◆ How to complete this task ◆
Your task is to print all of the data below exactly, with no pictures included.

◆ Listed entries ◆
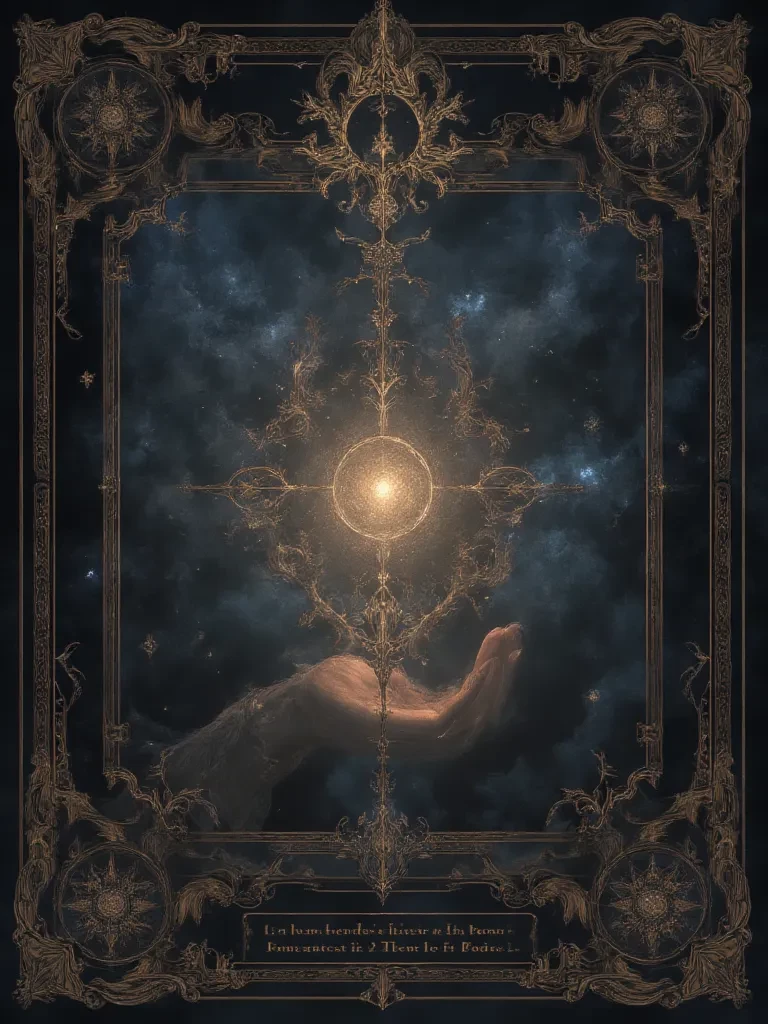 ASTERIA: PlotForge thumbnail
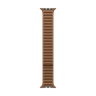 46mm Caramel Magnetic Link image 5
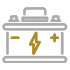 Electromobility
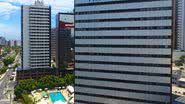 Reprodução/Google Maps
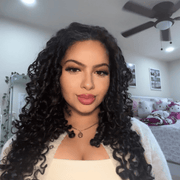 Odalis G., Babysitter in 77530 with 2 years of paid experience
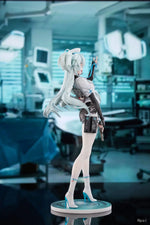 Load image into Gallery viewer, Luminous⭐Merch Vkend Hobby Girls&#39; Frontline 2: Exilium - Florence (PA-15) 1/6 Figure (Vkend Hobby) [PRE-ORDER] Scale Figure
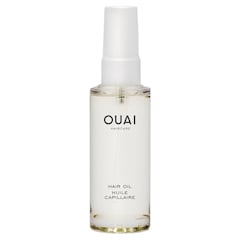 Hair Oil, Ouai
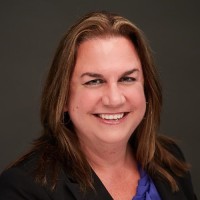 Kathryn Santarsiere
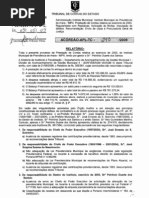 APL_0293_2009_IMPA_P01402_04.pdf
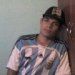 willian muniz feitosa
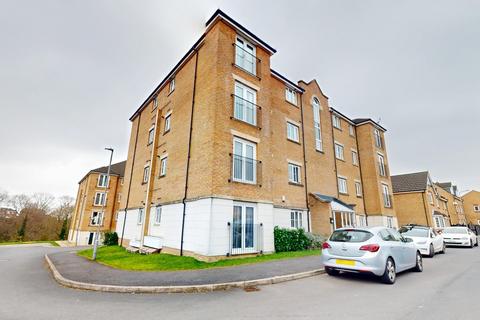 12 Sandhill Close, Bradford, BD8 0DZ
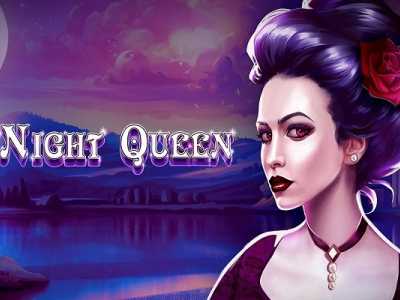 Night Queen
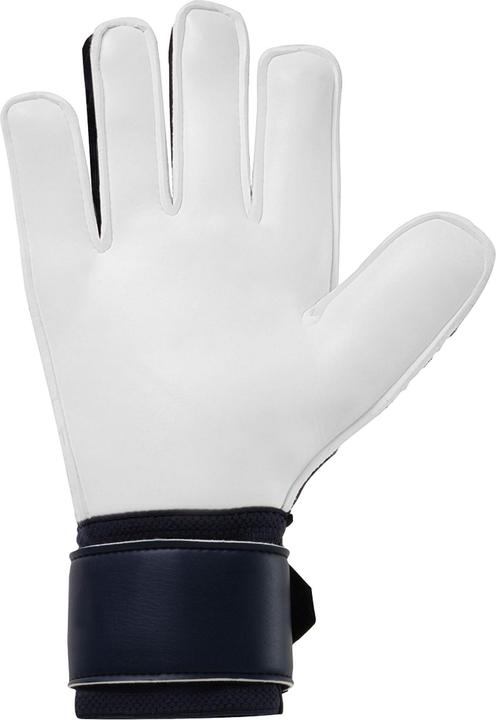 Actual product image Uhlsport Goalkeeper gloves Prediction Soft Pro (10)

◆ Response box ◆
 ASTERIA: PlotForge thumbnail
 46mm Caramel Magnetic Link image 5
 Electromobility
 Reprodução/Google Maps
 Odalis G., Babysitter in 77530 with 2 years of paid experience
 Load image into Gallery viewer, Luminous⭐Merch Vkend Hobby Girls&#39; Frontline 2: Exilium - Florence (PA-15) 1/6 Figure (Vkend Hobby) [PRE-ORDER] Scale Figure
 Hair Oil, Ouai
 Kathryn Santarsiere
 APL_0293_2009_IMPA_P01402_04.pdf
 willian muniz feitosa
 12 Sandhill Close, Bradford, BD8 0DZ
 Night Queen
 Actual product image Uhlsport Goalkeeper gloves Prediction Soft Pro (10)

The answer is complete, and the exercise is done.